2026 Indian electoral controversy
- Date: 23 September 2026
- Cause: Allegations of electoral irregularities involving the Election Commission of India
- Motive: Alleged electoral manipulation benefiting the Bharatiya Janata Party
- Perpetrators: Alleged involvement of the Election Commission of India and Bharatiya Janata Party

= 2026 Election Controversy in India =

Controversy about decision-making process in India's electoral body

The 2026 Indian Election controversy refers to a report published in the Indian Express on 23 September 2026 wherein in the last few months Gyanesh Kumar, the Chief Election Commissioner of India was challenged over integrity and transparency in reference to voter database, new methods of voter enrolment, and protection of electoral rolls. He was challenged with written dissent by the other two election commissioners. It has been reported that the two other election commissioners, Sukhbir Singh Sandhu and Vivek Joshi had objected on record for fourteen times in ten months. The two other Election Commissioners even wrote to the Chief Secretary, who holds the highest rank in Indian bureaucracy.
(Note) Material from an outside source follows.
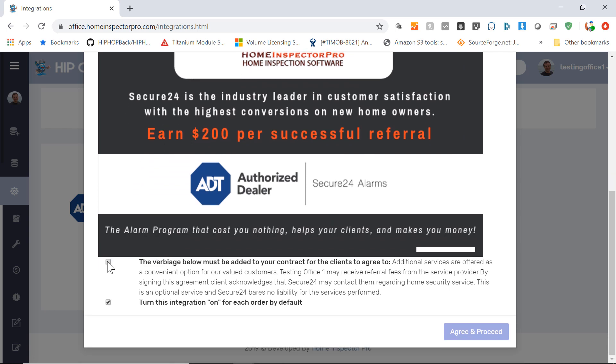There's a checkbox here. This checkbox is so that you acknowledge that you need to add this text to your contract so that the clients are aware that they may be contacted by Secure24. We also highly recommend that you let your clients know on the job site as well. That way there's no surprises and they're not likely to be upset by being contacted.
In response the Election Commission issued a clarification on the same day that all decisions of the commission have been taken unanimously and difference of views are only a normal deliberation done before the final decision making.The controversy has become a political flashpoint, with Congress and other Opposition parties demanding action against Gyanesh Kumar, while the central issue remains whether the reported internal objections amounted to substantive dissent over decisions of the Commission.

Subsequently, on 24 September the Indian Express further published a story from Goa wherein Goa's state electoral officer wrote to Election Commission eight times in seven days for 97 ineligible voters whom they had heard and found them eligible to vote. However, this could not be rectified because Commission Software ECINet access was denied with the reason stated to be controlled from Delhi.